パワフルな老人たち。ホウセンカで指先を染る。2004年8月26日
深夜のオリンピック観戦で疲れ気味である。負け試合は人生に似ている。守りを堅くすると負けたり、期待され過ぎると実力が出なかったり、人生を重ねるとスポーツは奥深い。
過ぎ去って行く夏に一抹の寂しさを覚える。公園の青トカゲたちも冬に備え、せっせと食べて、まるまる太ってきた。目が合うと、コロコロ太った体で慌てて石垣の隙間に逃げ込む姿が可愛い。
昨日、夏の間、赤羽自然観察公園に顔を見せなかったOさんと久しぶりに再会した。彼は70代だが、転落事故で車椅子生活になった。
幼木の多い公園の歩道は日射しに晒されて暑い。それで彼は、夏の間は休むことにしている。再会したOさんは太って青白くなっていた。明るく冗談を言う人だが、声に力が無い。

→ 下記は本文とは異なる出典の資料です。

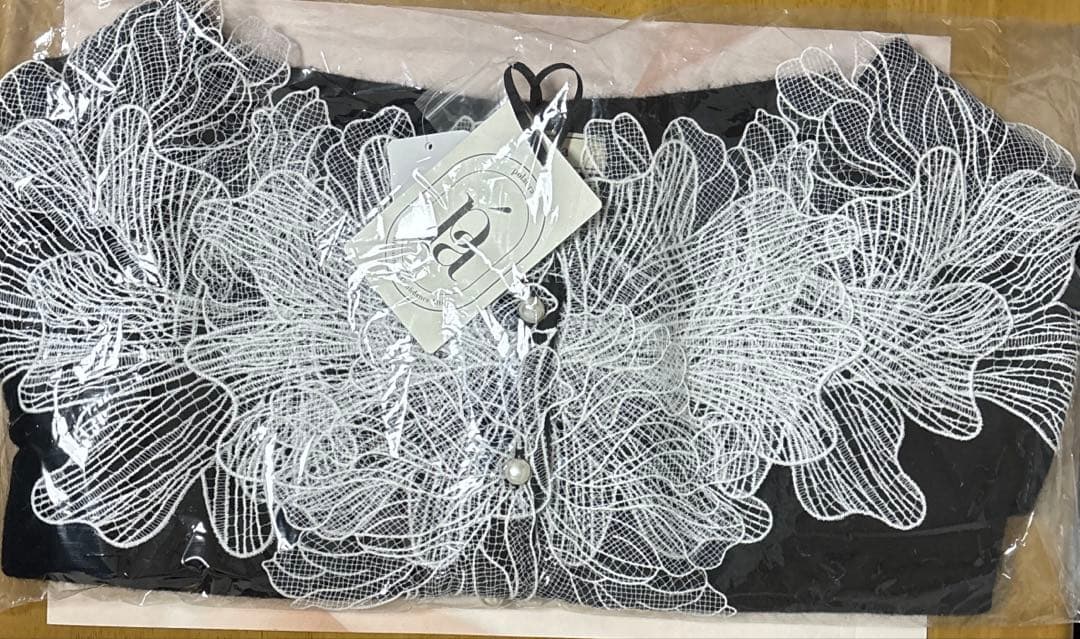 新品未着用 polaura ポローラ レースフリルカーディガン black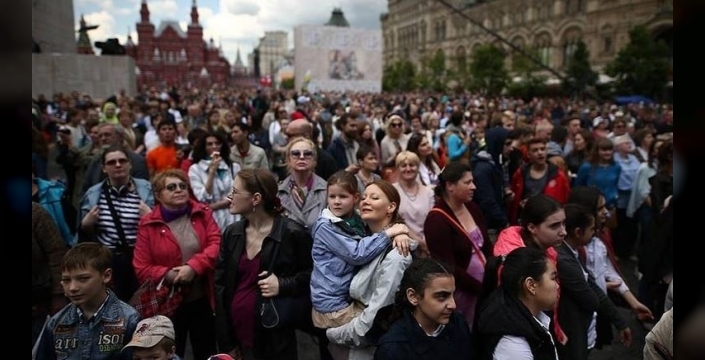 Rusya'da Savaş Ortasında Yoksulluk Oranları Tarihi Düşüş Yaşadı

そして今日は、彼は姿を見せない。昨日の散歩で疲れたのかもしれない。老人が独力で散歩を続けるのは難しい。
8月27日
昨夜、朝食用のご飯を炊くのを忘れていた。何か朝食代わりを探すと冷蔵庫の奥に古いカステラがあった。6月にお中元で貰った残りである。食事代わりには抵抗があるが、豆乳、野菜ジュース、乾しプルーンを加えて朝食にした。
物足りないまま散歩に出たが、母の車椅子を押す力が入らない。赤羽自然観察公園に着く頃には、少し吐き気がも覚えた。古いカステラが悪かったのでと気になる。おまけに、いつも持参するお茶も忘れている。水分補給は必須なので、公園入り口脇の自販機でお茶を2本買おうと硬貨を投入したが、ボトルは途中に引っかかり落ちてこない。
母を待たせているので諦めて行こうとすると、入り口前の東屋に、いつもたむろしている顔見知りの老人達が経緯を見ていて、集まって来た。
自販機が壊れてボトルが取り出せないと話すと、老人達は、自販機をゴトゴトいじり始めた。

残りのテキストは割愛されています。